Start of Recorded information

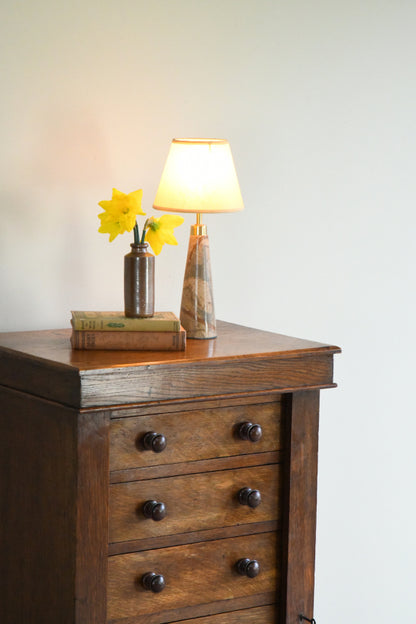Victorian Oak Wellington Chest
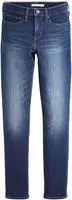 Levi's 1962702420, Levi's Damen Jeans 312 SHAPING SLIM CRUSHED POPPY 26/30 blau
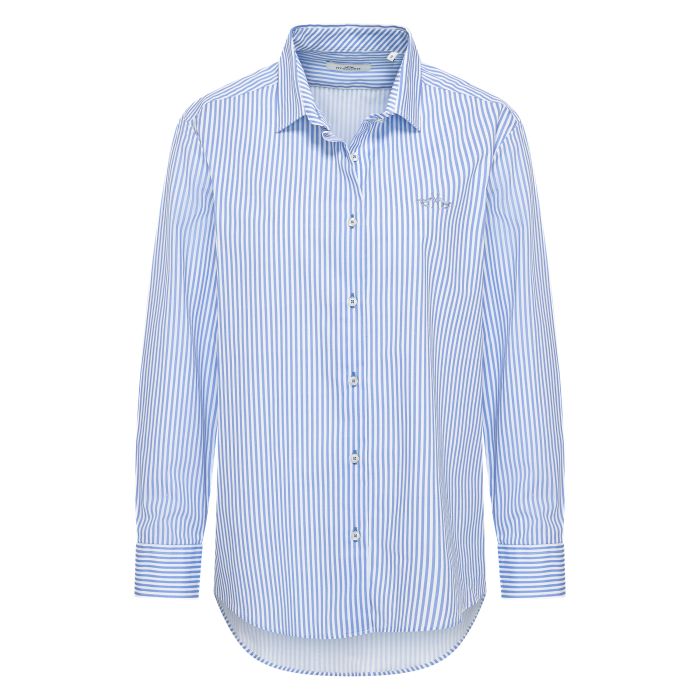Blouse HVSIsabella - 5045 - Lightblue Blouse HVSIsabella - 5045 - Lightblue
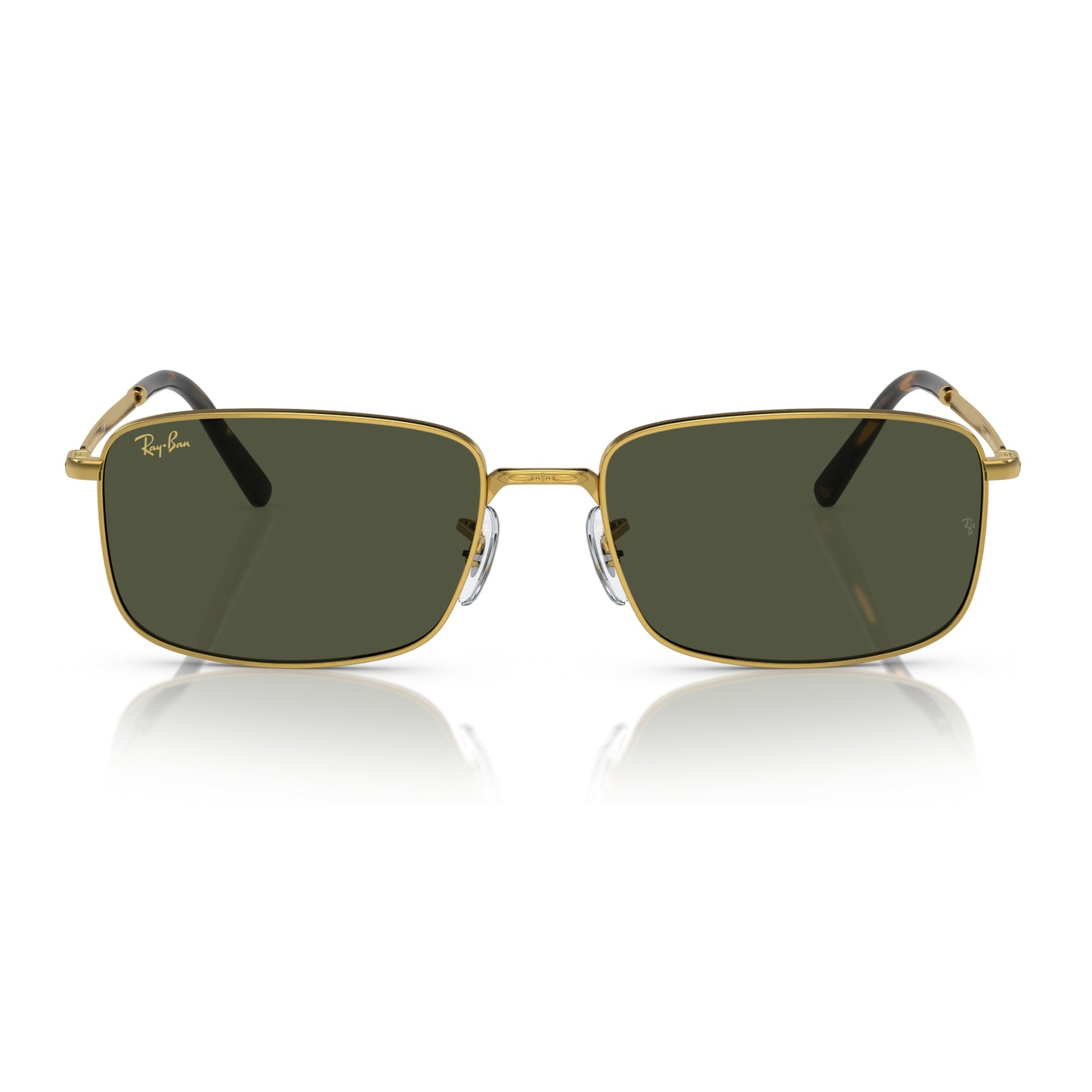 Gafas de sol unisex Ray-Ban RB3717 rectangulares clásicas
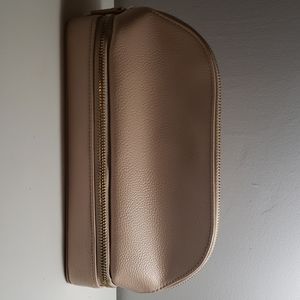 Mark & Graham Blush Dual Travel Organizer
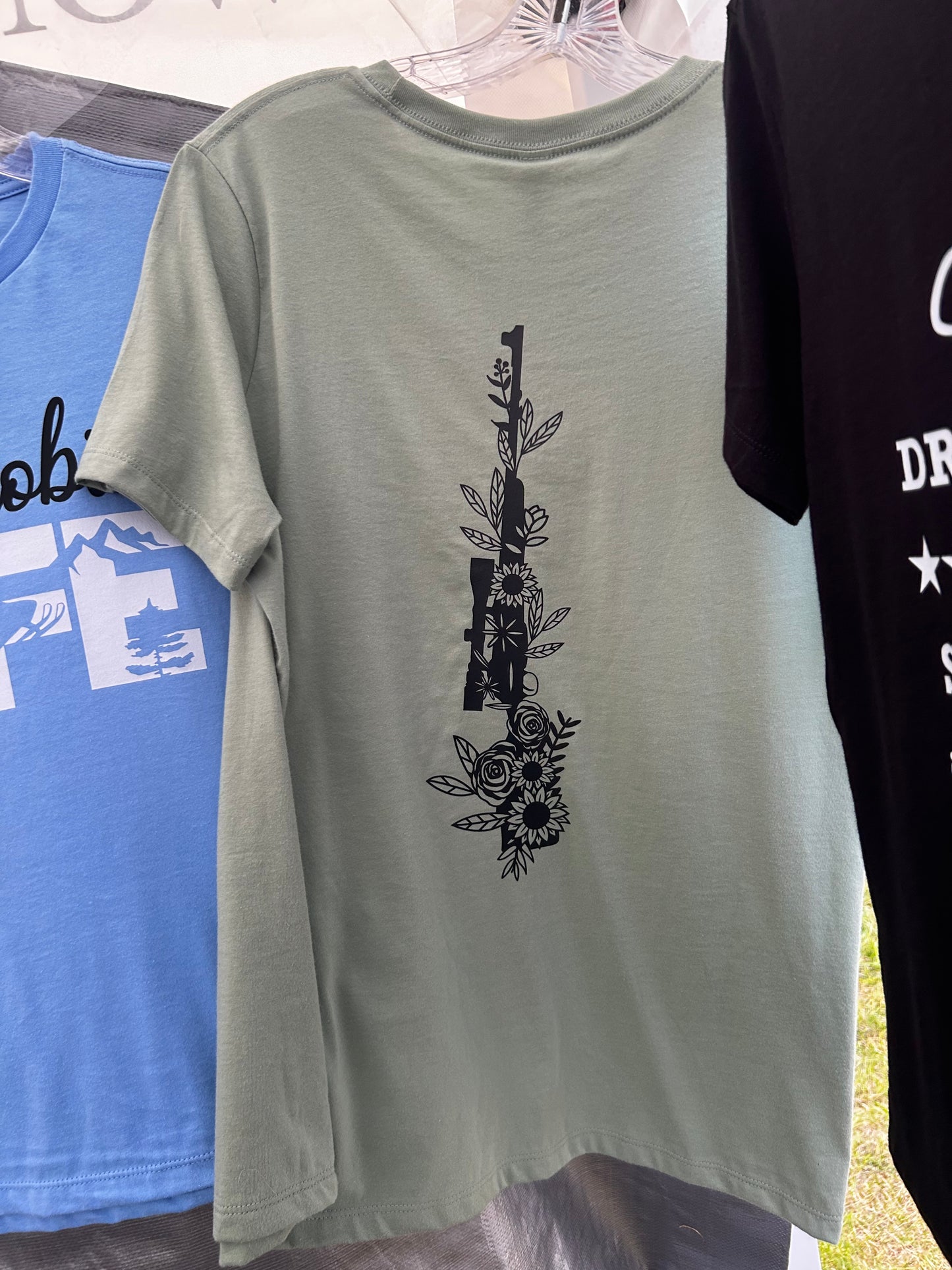 Floral Rifle Tee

End of Recorded information

Prompt: Once the line containing "Mark & Graham Blush Dual Travel Organizer" is found, write out exactly that line and each line after it through the end of the entries, omitting pictures.

Completed exercise:
 Mark & Graham Blush Dual Travel Organizer
 Floral Rifle Tee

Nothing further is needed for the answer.